Friday, 17 April 2020

Rob’s CV diaries 7: Screws, rock cakes and fire pits.


So, I’m still keeping busy. Like many people in isolation I am doing some things that I have ably managed to put off for years. The main one for me is clearing up and clearing out the garage. Actually it’s really my workshop, only one car has been inside during its whole life and that was when I changed the discs on the Mini some time ago. This clear out’s a big job, stuff accumulates somehow. If you are at all practical you amass a collection of screws, of nails, of nuts and bolts and so on. I certainly have done. Both my father and father-in-law were practical men and sort of left me their screw collections in their wills.  I have many screws. Things were getting out of hand; searching for a screw had become a twisted nightmare. But it’s sorted now, sort of. I have established separated collections of very long screws, long screws, mediums, shorts and very shorts. You cannot imagine the satisfaction that this has given me ;-)

But the big event of the last few days is more apposite to our long term survival: yes, one of our chickens has laid an egg! Greyone (the other grey is called Greytwo) started behaving oddly just a few days ago. She repeatedly popped in and out of the shed in a distracted manner, clucking all the time. Finally she settled into a nest box and started scratching earnestly at its wooden floor, then there was silence. After a while she emerged from the hut and the other three entered, presumably to take a look at what she’d been up to. I too had a look. Right in the corner of the nest box, lying on the bare boards her scratching had uncovered, was an egg: a nice, light-brown egg, quite large. On closer inspection it was slightly damaged at one end – but not bad for a first attempt.

Today we had another, this from Greytwo. It was much smaller (turns out that first one was a double-yoker) and a deeper brown, and perfect. Margaret made rock cakes with them and, before I knew that they were made with our own eggs, I opined that they were her best ever. Really.

We have tried to make Saturdays special during the isolation. Well, you have to break up the week in some way. We’ve already had a musical evening and were planning a Greek evening (Zorba) which had to be cancelled through a serious shortage of aubergines. So we had a Dakota Fire Pit night instead. It came about through our new neighbours. They were relaxing in their back garden on the Friday evening as I walked across the field near them. I did the decent thing and turned my eyes in the other direction to give them privacy (the trees that separated us were removed at their request and the new hedge shows little sign of budding up).

“It’s beer o’clock Rob,” Jason shouted as I passed.

I had to look then, and there he was holding up a glass of golden something, lager perhaps, and between him and Jackie were flames. I looked at these in amazement, it wasn’t a barbecue – flames are no good for cooking.

“What’s that?” I asked trying to see where the flames were coming from.

“Fire pit,” he replied in a dismissive way.



Back in the house I looked up fire pit on the web and found that everyone seemed to be selling them from Argos to Amazon. I am not, as usual, keeping up.

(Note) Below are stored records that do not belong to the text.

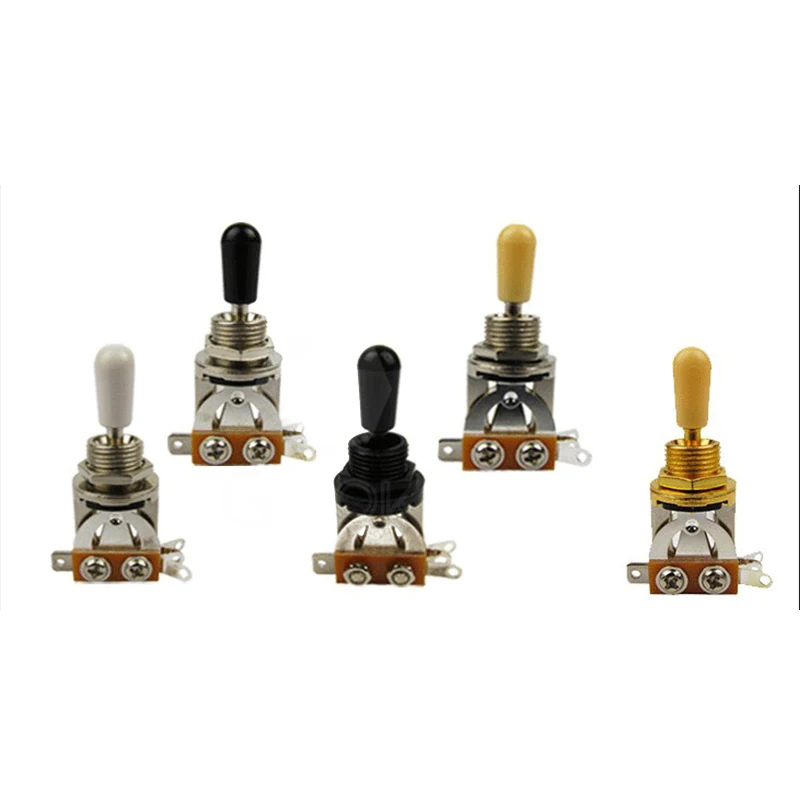 

3-Way Guitar Selector Pickup Toggle Switch Part for Les Paul Pickup Toggle Switch Musical Instrument accesorios de guitarra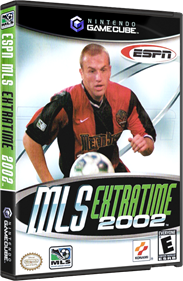 ESPN MLS ExtraTime 2002 - Box - 3D Image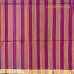 Rani Pink Pure Handloom Cotton Silk Saree with Gold and Silver Zari Stripes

Then, I clicked past the adverts and found some information on the Dakota Fire Pit which was invented by American native indians way before the cowboys came. This pit is free and anyone can make one, and that decided our next Saturday event. No Greek evening for us, we would barbeque Dakota style which is very efficient and makes no smoke (they say). Also the flames cannot be seen by your enemies – or neighbours. I dug the required two holes alongside our pond and joined them with an air tunnel. I then built a wood fire in the bigger hole and lit it from the top (burns more efficiently it’s claimed).

It worked. I cheated a bit by using the grill from an old barbecue to rest the meat on. But, the food was hot, the view of the setting sun across the pond was stunning, and the bottled beer was, well, bottled beer. Oh for a pint of real ale. My field for a pint of real ale.


Tuesday, 14 April 2020

Rob’s CV diaries 6: Watching seeds grow



Out running the other day I nipped over a wall and collected a few pond plants for my own algae-ridden plash. Please don’t get the wrong impression, I wasn’t risking social interaction there, the pond is part of an extensive collection of pools and, though I was trespassing, there was no clear ownership of the pond I plundered (three small plants only).

On the way back I bumped into a pub friend from Stow. No, let’s be clear, we have to so careful of what we write just now, I did not physically bump into him. We crossed paths in a lane (happens to be his name actually, surname that is) and we were at least three meters apart while we chatted. Even with the pubs closed, he is still a happy man and, as expected, found something good to say about our current times.

“The air’s so clear Rob, and it’s so quiet. Walking around Stow it’s like it must have been 70 years ago.”

And he is so right, at least about the silence. I can hear my neighbour, though he is at a very healthy social distance away, steam cleaning his paving slabs for the umpteenth time. I also hear the other neighbours conversing and sometimes think that they must have wandered into our garden. Moreover, I can hear birdsong so much sharper, so beautiful, so intense. We, living between two main roads, have become conditioned to the background hum of people and tradesmen rushing about their business. And now it’s quiet, well relatively. There are some cars, lorries and tractors of course, but there are long periods of silence between their passage and the Easter weekend was particularly tranquil.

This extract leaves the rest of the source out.